These statistics are important as they show real job creation and job losses – which comes as a refreshing contrast to the recent obsession we see around the prediction of mass job losses caused by digital and the shift toward more digital operations. This rhetoric is becoming increasingly unhelpful as enterprise organizations navigate the ongoing shift toward digitally engaged commerce.

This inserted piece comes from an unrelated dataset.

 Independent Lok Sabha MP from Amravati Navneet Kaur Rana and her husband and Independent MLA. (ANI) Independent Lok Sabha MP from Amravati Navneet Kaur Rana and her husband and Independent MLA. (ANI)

The current mantra de jour being advances in machine learning, the internet of things (IoT), data analytics, and artificial intelligence (AI) will steadily eliminate all kinds of jobs. Economies across the globe will have to brace themselves for massive job destruction.

We’ve all seen the studies that state that half of manufacturing jobs will be eliminated by automation in the next decade. Driverless trucks and trains are set to become commonplace, eliminating many more jobs. Advances in technology are not only impacting lower skilled jobs but also skilled professions. People with advanced qualifications such as lawyers and doctors are undertaking activities that can be automated.

Although there is some truth in this – technology is taking on increasing amounts of low skilled and mundane work, the largest inhibitor to the continued digital transformation of businesses and whole industries is, and will continue to be, a lack of skills. Yes, it is a shortage of talent that will slow down the adoption of new technologies such as robotics, AI, big data analytics, and the IoT.

The truth as you can clearly see below, automation doesn’t kill jobs – wider economic issues kill job creation – recessions and stagnation. As you can see from labor statistics in the US – in spite of the growth of automation there is still a net gain in jobs over the last 5 years:

Although automation will impact jobs, the rate at which jobs will be eliminated will be limited by the availability of skills that can implement and manage this technology. Which tends to self-regulate the creation v destruction trend and help, at least with the timing of any job market adjustment. As we have seen in past industrial revolutions, these shifts in jobs end up creating more work than they eliminate. We saw in the 18th century industrial revolution massive shifts from agricultural work – we expect a similar trend with this current wave of disruption.

New jobs will need to be created to enable automation, and to engender the innovation facilitated by new technology. Skills required for these new jobs are in extremely short supply. We maintain that a lack of people with appropriate skills, will slow any shift in operating models toward driverless trucks, driverless trains, software defined factories, connected health, smart grids, smart cities and so forth.

So what will these new roles be?

The biggest change will be a shift from specific functional roles to more blended multilayered job. With more complex skill sets being required. Organizations will need to acquire talent which blends technical skills with operational skills (industry specific skills) as well as softer skills such as critical thinking, adaptability, continuous learning, active listening and other non traditional capabilities. Education and training from technology professionals needs to be much more holistic, given that technology is transforming many aspects of our lives. With education and training institutions having to adjust offerings so they develop the required blended and holistic skill sets for the needs of the emerging job market. These new jobs emphasize skills, knowledge and willingness to learn, over traditional highly specialized degrees, and the rather narrow scoped careers that gave people their early work experience.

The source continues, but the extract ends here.